Andropause : what is it? Symptoms & treatments

Andropause is defined as the set of physiological and psychological symptoms that can accompany the drop in testosterone in aging men . It would usually occur around 45 to 65 years old .

These symptoms range from decreased sexual appetite to the onset of erectile dysfunction to feeling low on energy and energy. Periods of excessive sweating, problems with insomnia and weight gain could also add to the repercussions of a decline in sex hormone production.

Seen as a dysfunction by some, as a reflection of normal aging by others, andropause remains a controversial subject . What’s more, the only drug available, testosterone, has not been proven, either in terms of efficacy or safety.

Menopause for some, andropause for others?

The comparison between andropause and menopause is rather lame. Andropause only affects a minority of men. Also, it does not mark the end of fertility. In addition, the hormonal decline in men is partial , gradual and inconstant , unlike women, in whom hormones drop markedly over a short period of time. In men, a slight drop in testosterone production would start in their thirties or forties. From what experts have observed, the concentration of testosterone in the blood will decrease by about 1% per year.

How many men affected?

Since andropause is little known and rarely detected, exact data are not available on the proportion of men who suffer from it.

However, according to a large study published in 2010, the European Male Aging Study, only 2% of men aged 40 to 80 experience andropause: the proportion is 3% in those aged 60 to 69 and 5% among those aged 70 to 79 1 . The diagnosis was based on the presence of symptoms of andropause and a lower than normal blood testosterone level.

According to the study authors, these results indicate that testosterone treatment is suitable for very few men 12 . Most of the time, according to their observations, the symptoms are more related to aging, obesity or another health problem. Indeed, 20% to 40% of men would develop symptoms that may resemble those of andropause with age 11 .

Really a question of testosterone?

The testosterone is available as a treatment for the andropause for a little over a decade. The goal of treatment is to improve the quality of life by reducing symptoms. Pharmaceutical companies argue that testosterone could also delay the aging process  : less loss of muscle mass and risk of fractures, more sexual vigor, including better erections, etc. However, these effects have not been scientifically demonstrated.

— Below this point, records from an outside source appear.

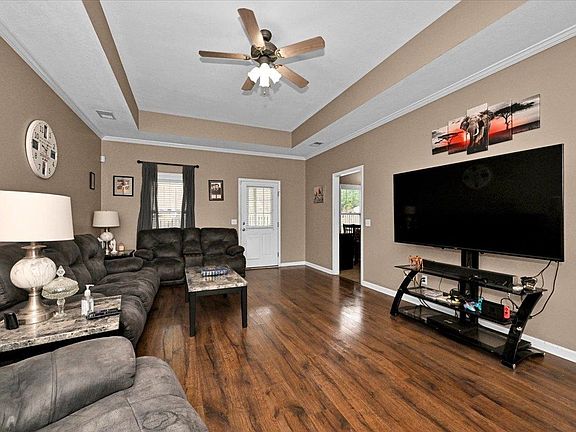 5th image of 1707 Derby Dr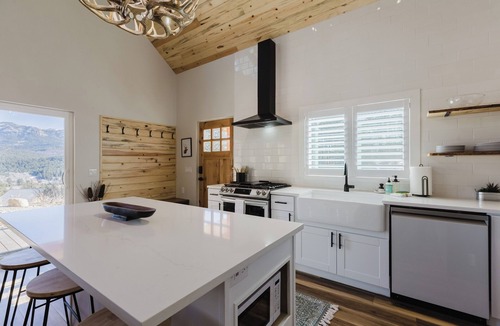 San Juan River Village House | Wolf Creek Riverside Chalet . We have AC!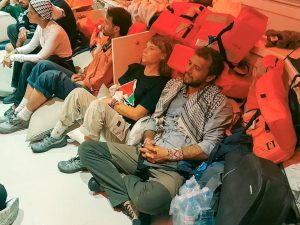 Thunberg сред 171, депортирани от Израел, както твърдят, че Газа активисти твърдят, че малтретирането
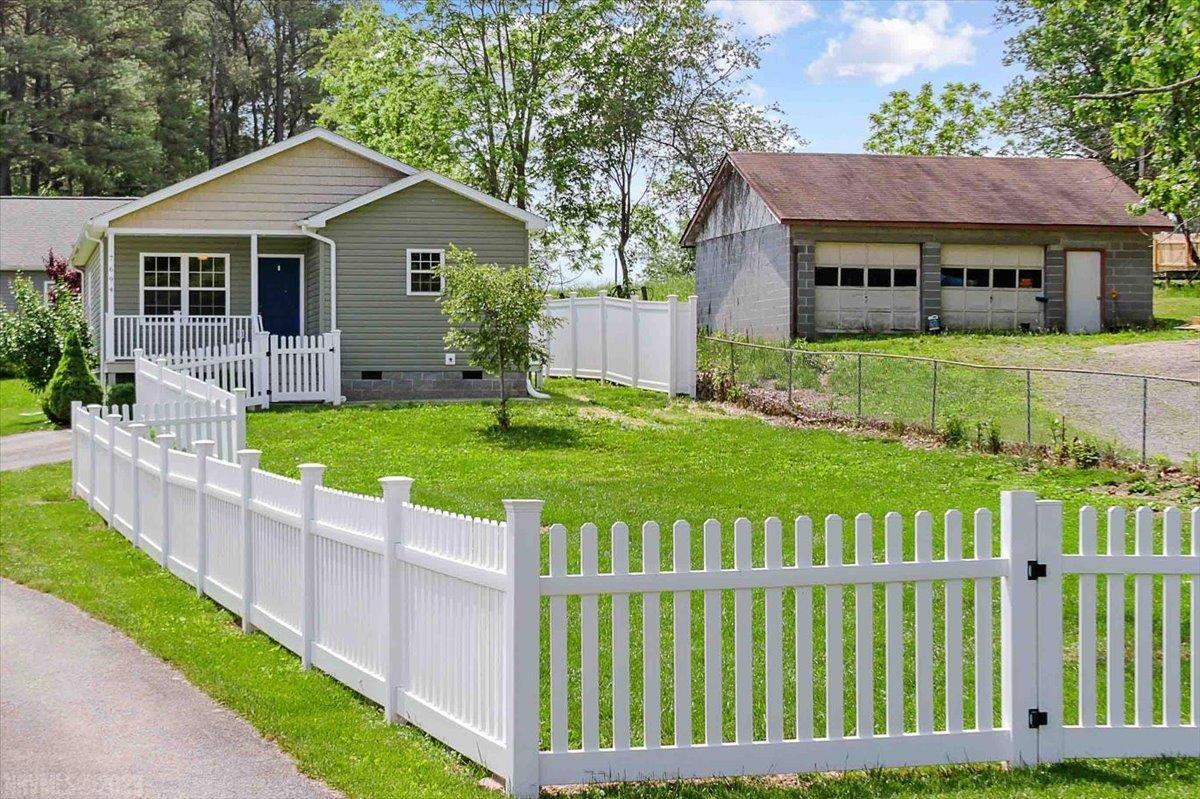7694 Brooklyn Road Radford, VA 24141 - Photo 35 of 45 Gallery Image 35
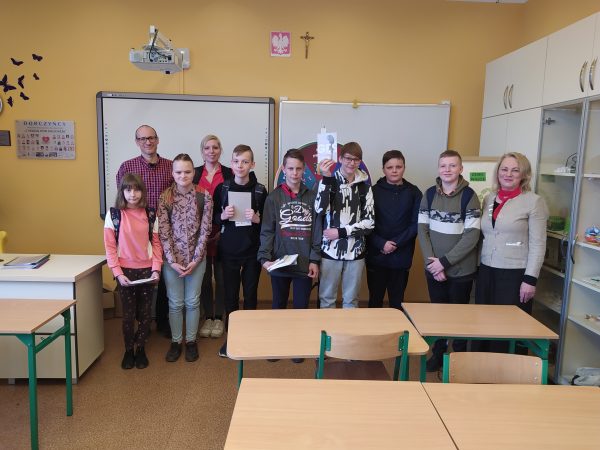 Na zdjęciu przedstawiciele WFOŚiGW w Poznaniu: Julia Świokła-Chmielewska i Sebastian Wolff oraz uczniowie z nauczycielem Szkoły Podstawowej w Drawsku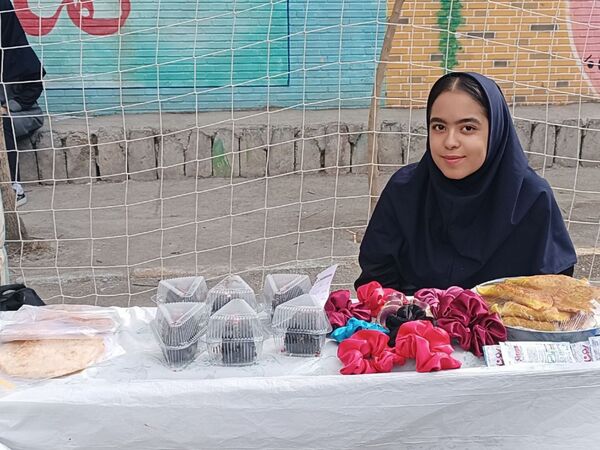 بازارچه و نمایشگاه کسب و کار دانش آموزی در دبیرستان امجدی۲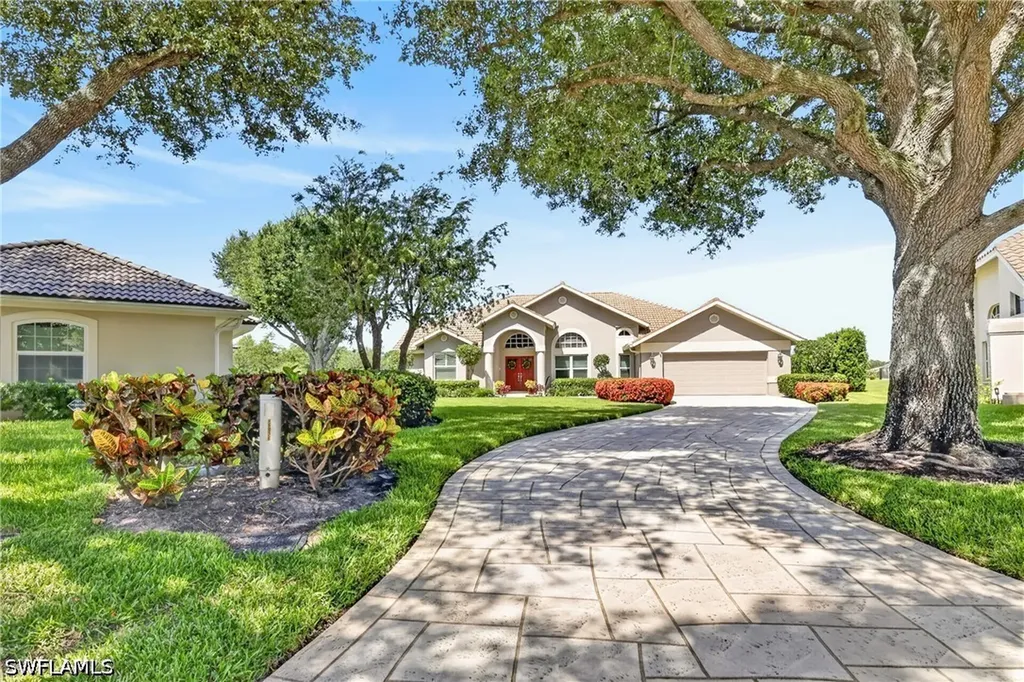11690 Pinewood Lakes Drive Fort Myers FL 33913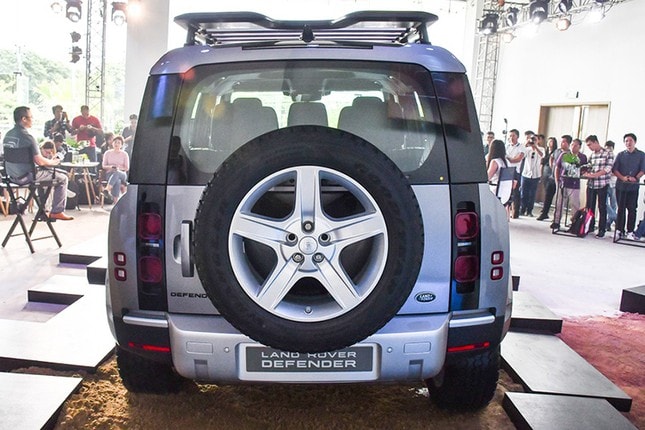 Defender thế hệ mới sẽ có giá từ 3,855 tỷ đồng. Ảnh: TL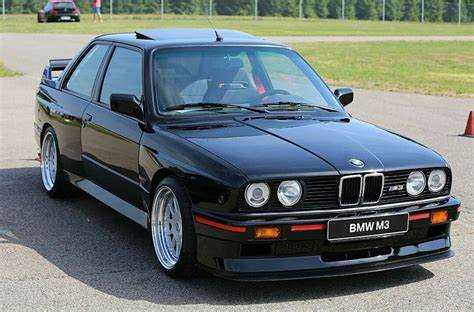 Как состояние автомобиля влияет на цену BMW M3 E30?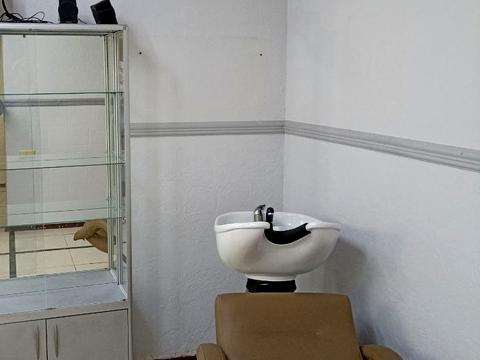 комерційна за адресою В'ячеслава Чорновола вул., 15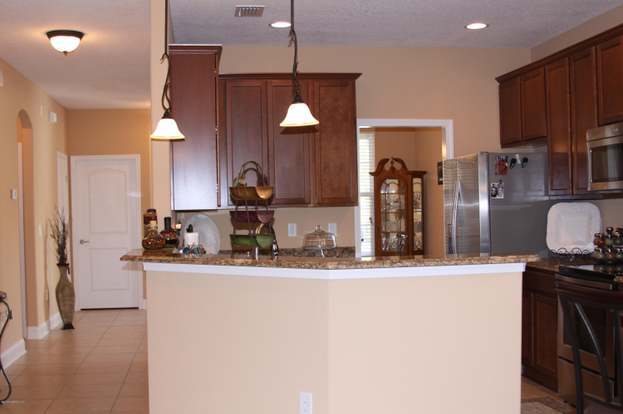 Building Photo - 667 Drysdale Dr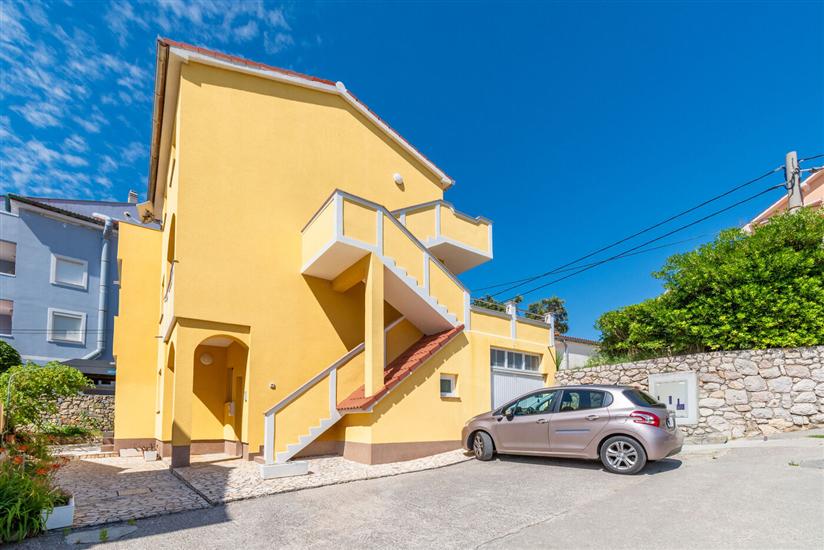 Apartments Tomo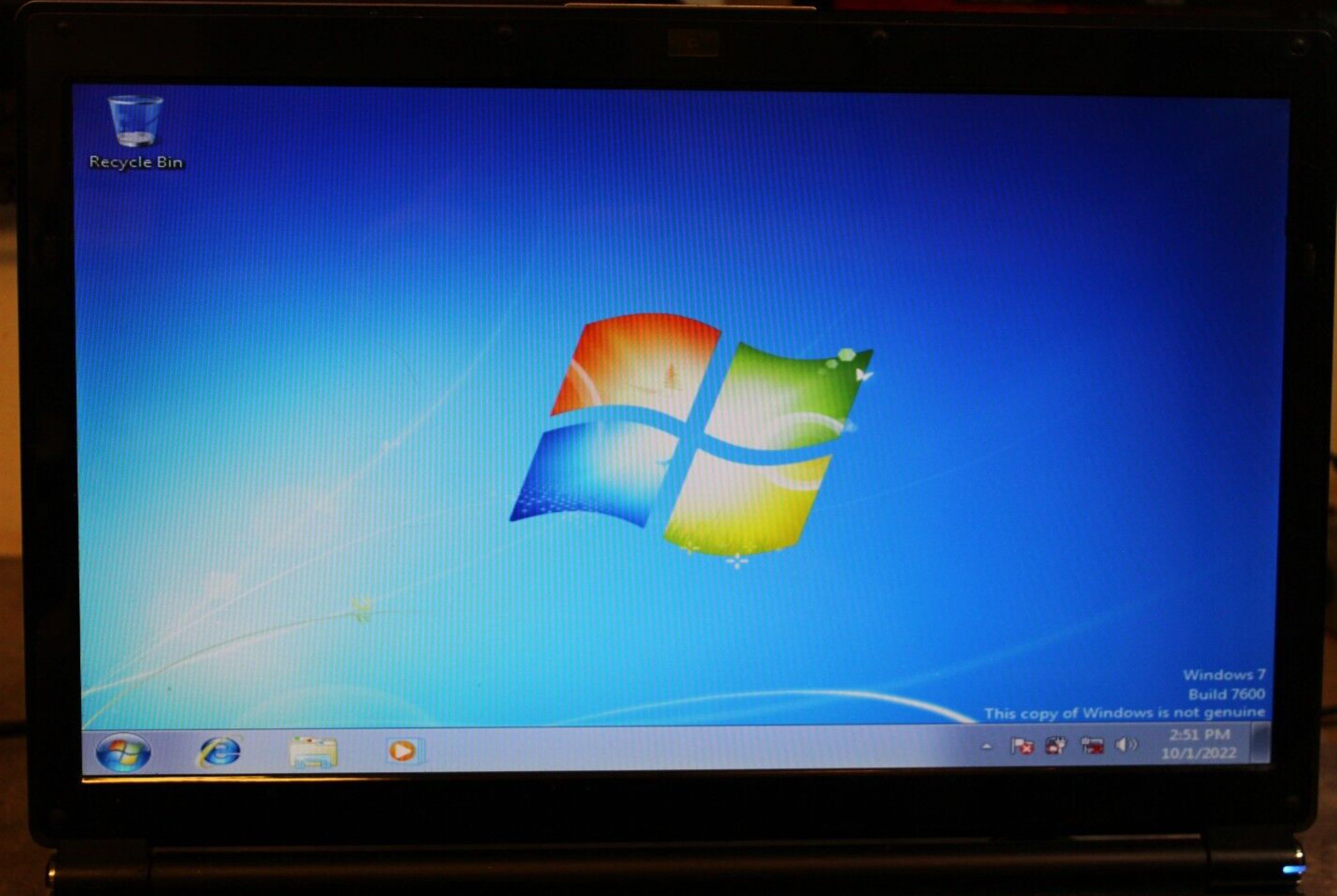 CLEVO W86CU For Parts Booted Windows 240GB SSD Wiped 4GB Ram i7-Q740@1.73GHz CPU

Here are the main factors that make the treatment of andropause a delicate and complex subject:

  • The level of testosterone that reflects “deficiency” in middle-aged men is unknown. In addition, this rate varies from man to man. The scales currently in use have a significant degree of imprecision and are based on averages established for young men;
  • There are no symptoms specific to andropause. In other words, all the symptoms experienced can be the consequence of other health problems, such as depression, vascular problems or obesity;
  • The association between low testosterone and symptoms of andropause is weak, according to various studies. Men with normal testosterone levels may experience symptoms of andropause. Some experts believe that andropause symptoms are more often the result of poor lifestyle habits 2 , 11 ;
  • The benefits and risks of testosterone treatment have not been clearly established by clinical trials, both short and long term. Some experts claim that hormone therapy with testosterone is an expensive placebo 12 . The main fear associated with this treatment in older men is to increase the risk of prostate cancer or stroke.. This is because testosterone increases hemoglobin levels and can slightly alter the lipid profile in the blood, increasing the risk of a blood clot forming in an artery in the brain. Other risks mentioned include: liver damage, breast development (which can become painful), testicular atrophy, increased aggressive or antisocial behavior and worsening of an existing health disorder (sleep apnea, mania, depression, etc. etc.). Like hormones prescribed to postmenopausal women, it may be discovered in retrospect that this testosterone treatment presents certain health risks. Studies are in progress;
  • Other hormonal changes could explain the effects of andropause. DHEA (dehydroepiandrosterone), growth hormone, melatonin and, to a lesser extent, thyroid hormones also exert their influence.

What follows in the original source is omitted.